## What is expected
In the material below, begin at the line that has "A metal double-sided", stop after the line that has "Collector Karthikeya Misra", and transcribe those lines exactly, without pictures.

[Opening Task material section]

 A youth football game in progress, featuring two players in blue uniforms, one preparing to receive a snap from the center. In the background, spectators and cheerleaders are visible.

[Closing Task material section]
[Opening Task material section]

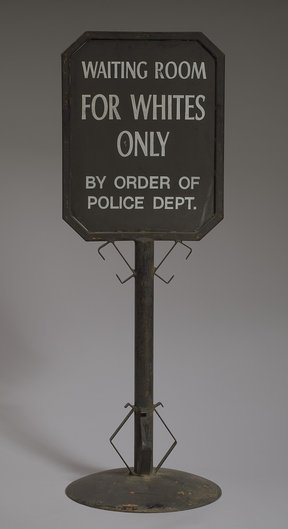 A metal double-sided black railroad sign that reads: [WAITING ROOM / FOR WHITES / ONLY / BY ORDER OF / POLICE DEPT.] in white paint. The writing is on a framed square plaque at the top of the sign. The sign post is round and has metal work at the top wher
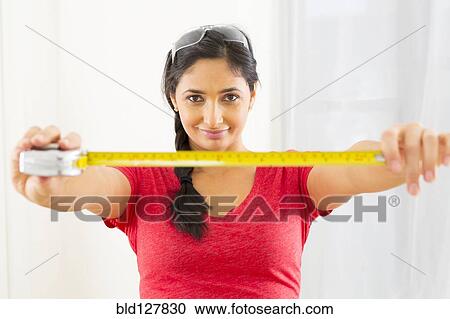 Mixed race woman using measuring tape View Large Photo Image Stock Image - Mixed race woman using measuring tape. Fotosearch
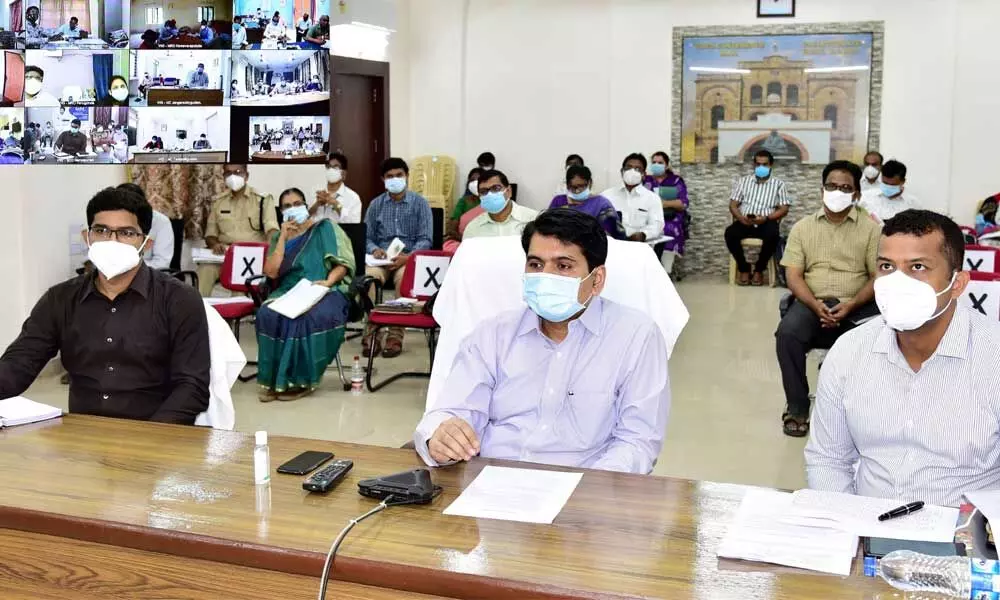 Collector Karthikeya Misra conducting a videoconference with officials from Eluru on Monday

[Closing Task material section]
[Opening Task material section]

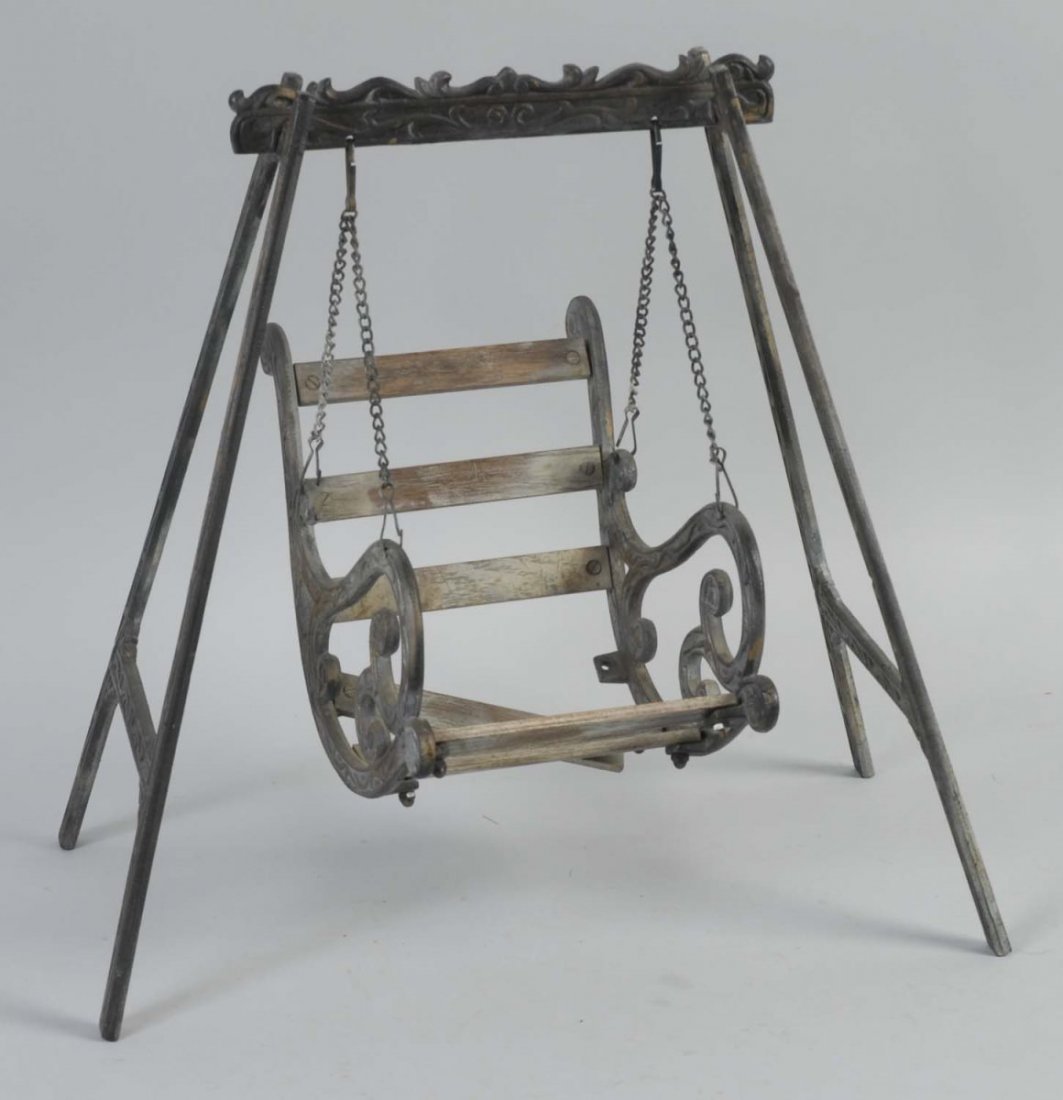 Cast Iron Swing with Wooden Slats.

[Closing Task material section]

## Solution for this task
 A metal double-sided black railroad sign that reads: [WAITING ROOM / FOR WHITES / ONLY / BY ORDER OF / POLICE DEPT.] in white paint. The writing is on a framed square plaque at the top of the sign. The sign post is round and has metal work at the top wher
 Mixed race woman using measuring tape View Large Photo Image Stock Image - Mixed race woman using measuring tape. Fotosearch
 Collector Karthikeya Misra conducting a videoconference with officials from Eluru on Monday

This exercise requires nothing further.